* **Raw data**
━━━━━━━━━━

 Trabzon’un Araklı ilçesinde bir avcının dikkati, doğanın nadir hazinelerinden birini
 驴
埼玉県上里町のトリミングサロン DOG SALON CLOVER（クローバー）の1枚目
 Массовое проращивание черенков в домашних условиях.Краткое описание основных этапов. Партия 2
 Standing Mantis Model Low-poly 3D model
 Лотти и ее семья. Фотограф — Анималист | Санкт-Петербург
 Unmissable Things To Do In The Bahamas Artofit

━━━━━━━━━━

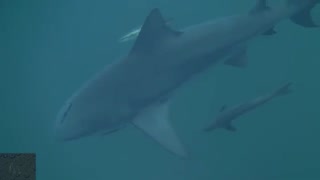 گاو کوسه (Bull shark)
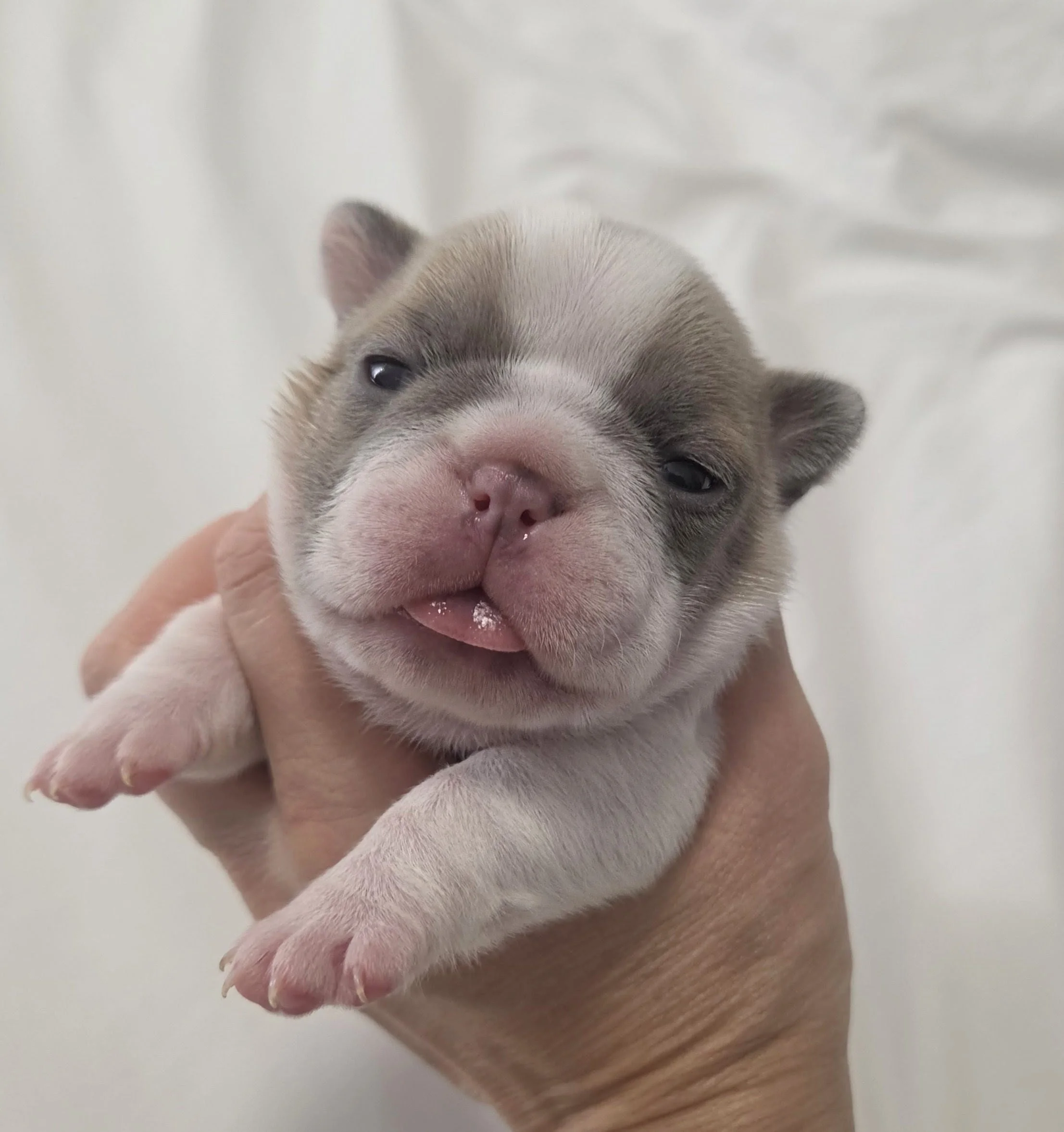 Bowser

━━━━━━━━━━

* **Task to complete**
Taking the material above, extract exactly and only the lines from the line with "埼玉県上里町のトリミングサロン DOG SALON CLOVER（クローバー）の1枚目" to the line with "Unmissable Things To", inclusive of both.

* **Solution to the problem**
埼玉県上里町のトリミングサロン DOG SALON CLOVER（クローバー）の1枚目
 Массовое проращивание черенков в домашних условиях.Краткое описание основных этапов. Партия 2
 Standing Mantis Model Low-poly 3D model
 Лотти и ее семья. Фотограф — Анималист | Санкт-Петербург
 Unmissable Things To Do In The Bahamas Artofit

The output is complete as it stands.